'''

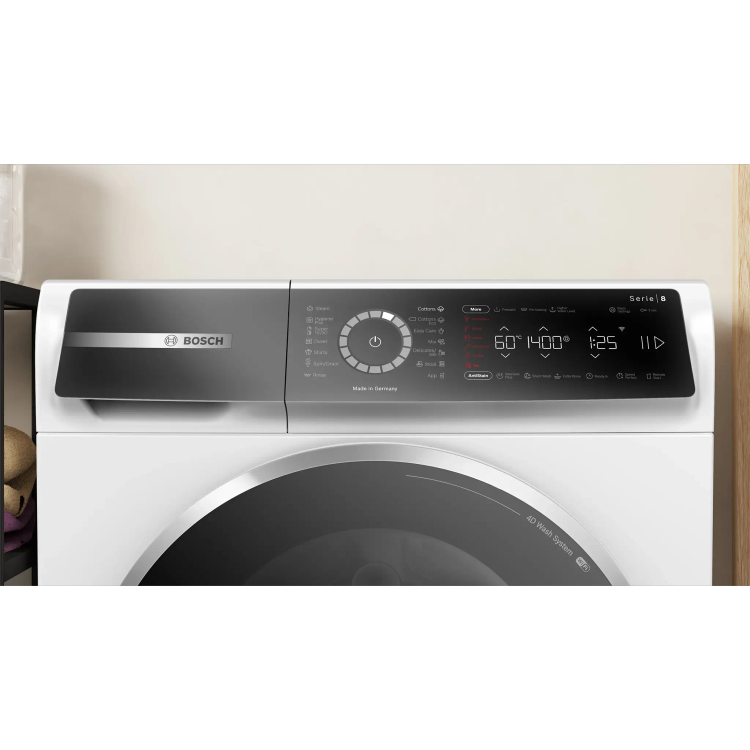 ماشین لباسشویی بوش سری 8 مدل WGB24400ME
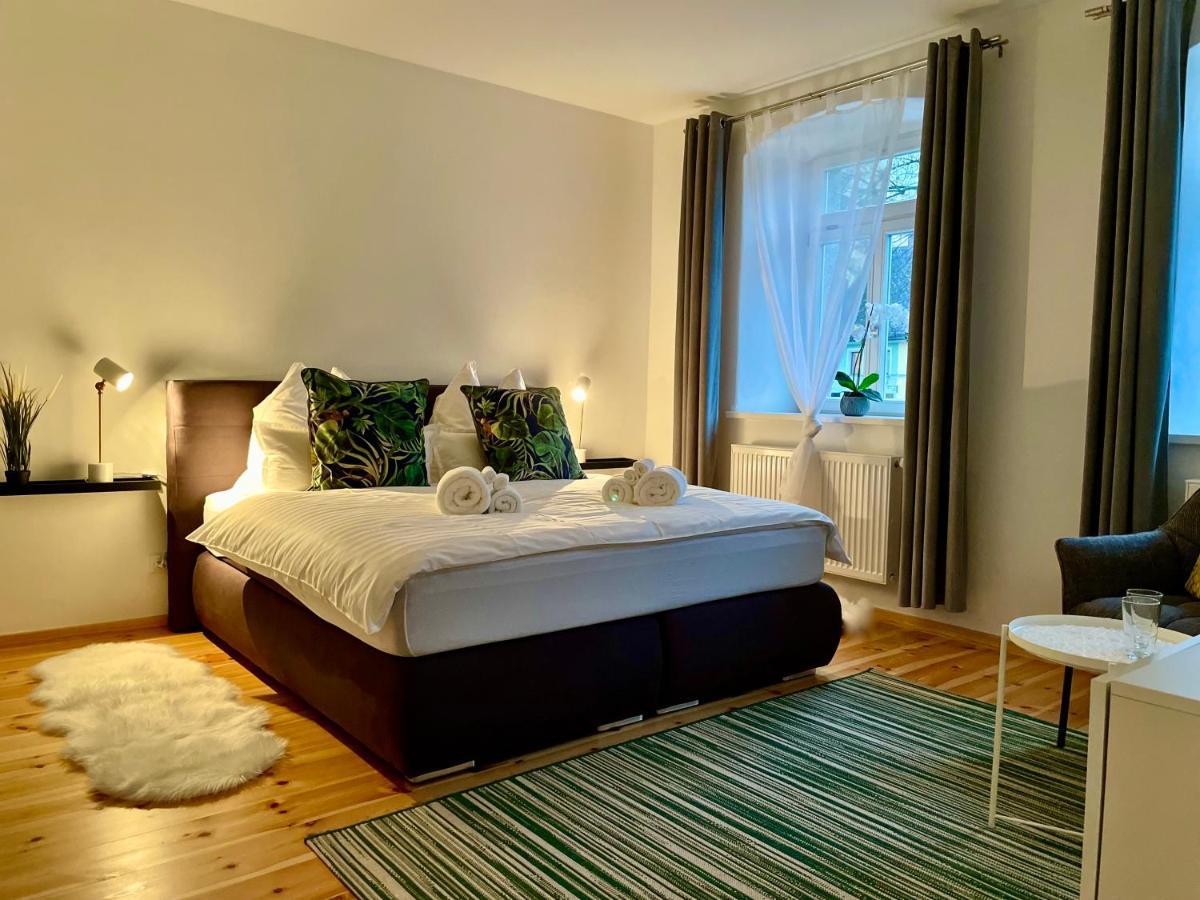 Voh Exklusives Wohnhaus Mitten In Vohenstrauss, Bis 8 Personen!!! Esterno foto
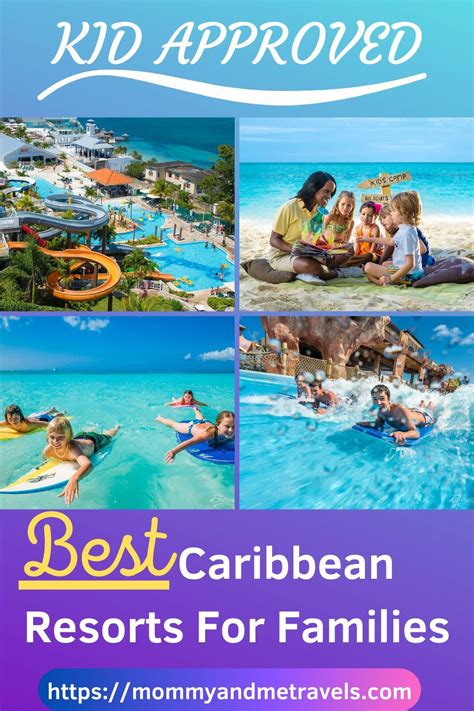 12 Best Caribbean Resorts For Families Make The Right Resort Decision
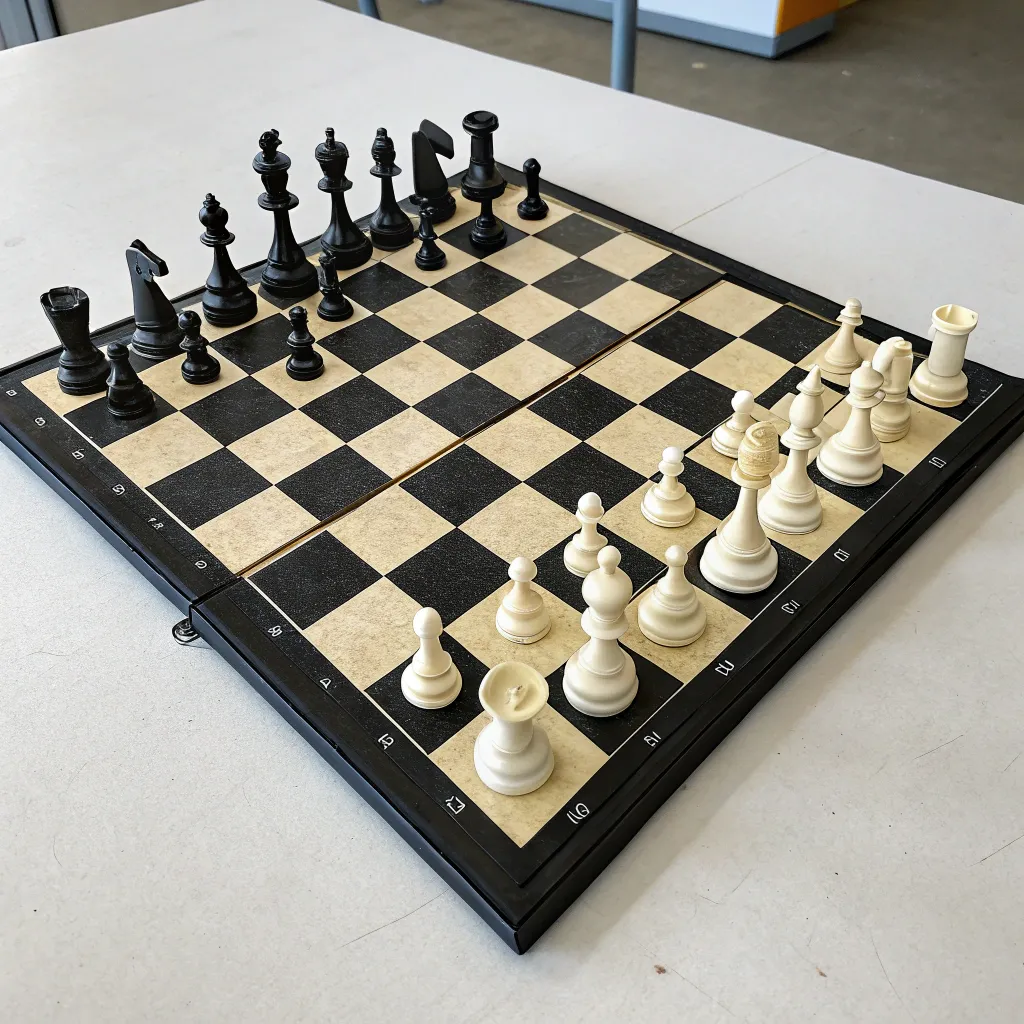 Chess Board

'''

WORK INSTRUCTION: An exact copy is needed of the lines running from the one with "Voh Exklusives Wohnhaus" through the end of the data above, and of those lines only, without pictures.

ANSWER TO THE EXERCISE:
 Voh Exklusives Wohnhaus Mitten In Vohenstrauss, Bis 8 Personen!!! Esterno foto
 12 Best Caribbean Resorts For Families Make The Right Resort Decision
 Chess Board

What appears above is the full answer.